Saturday, January 2, 2021

"Free market" GOPs have propped up farmers, other businesses. Do they and others get cut off in 2021?

Not that you should have believed it anyway, but over the last few years, Republicans have shown that their adherence to "free market, small government solutions" is a standard that shifts a lot, depending on the individuals you are talking about. GOPs also believe in bailouts and using government resources and laws to redistribute wealth - they just choose different groups to help vs hurt. Another group that Trump/GOP has favored in recent years is farmers. This is ironic because Trump's Ag Secretary told dairy farmers in late 2019 that agri-businesses shouldn't expect any help at all.
"In America, the big get bigger and the small go out," Perdue said after an appearance at the World Dairy Expo in Madison. "I don't think in America we, for any small business, we have a guaranteed income or guaranteed profitability."
But in fact, farmers received huge amounts of targeted aid in 2020, allowing them to receive the highest level of income for the last 7 years .
The U.S. Department of Agriculture's Economic Research Service estimated in their latest farm financial forecast that net farm income will hit $119.6 billion in 2020, a 41 percent increase from 2019 and the highest income level since 2013.

Paul Mitchell, director of the Renk Agribusiness Institute at the University of Wisconsin-Madison, said the forecast is slightly higher than last quarter’s estimate, partly because of a price rally for corn and soybeans seen around harvest time....

Earlier forecasts also did not include the $13.3 billion expected to be paid to farmers through the second round of the Coronavirus Food Assistance Program (CFAP).

That means farmers are now expected to receive $46.5 billion in direct government payments. That’s $24 billion more, or 107.1 percent higher, than in 2019. By comparison, farmers received just under $13 billion in direct government payments in 2016.
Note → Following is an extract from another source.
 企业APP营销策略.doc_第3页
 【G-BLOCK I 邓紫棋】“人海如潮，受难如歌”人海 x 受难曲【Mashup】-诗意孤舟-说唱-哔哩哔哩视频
---------- Oink, oink! --------

This reliance on business owners needing government support is apparent in other ways. I originally noticed this part of November's income and spending report, which dropped in late December.
Personal income decreased $221.8 billion (1.1 percent) in November according to estimates released today by the Bureau of Economic Analysis (tables 3 and 5). Disposable personal income(DPI) decreased $218.0 billion (1.2 percent) and personal consumption expenditures(PCE) decreased $63.3 billion (0.4 percent).
The consumption drop was a big red flag on its own, but the loss of income was sizable, and seemed to also be an economic problem.

But then you look at the supplemental report that touches on the impact of the CARES Act and other COVID-related assistance, and there is a central reason to that drop in income for November. It's reflected in the green line on this chart.
Then you dig down a bit deeper, and you see that the loss in business income in November is because of 2 reasons.
Look at the declines for both PPP assistance, and the CARES aid to farmers (and the convenient jump in farm aid 1 month before the election). You can especially see how the 6-month timeframe for the first round of PPP funding sunk in, and is now fading. It helps explain why the latest stimulus bill included $284 billion in new PPP loans, to keep businesses afloat through the COVID Winter - it's really the only federal help that restaurants and some other hard-hit service businesses are getting for 2021.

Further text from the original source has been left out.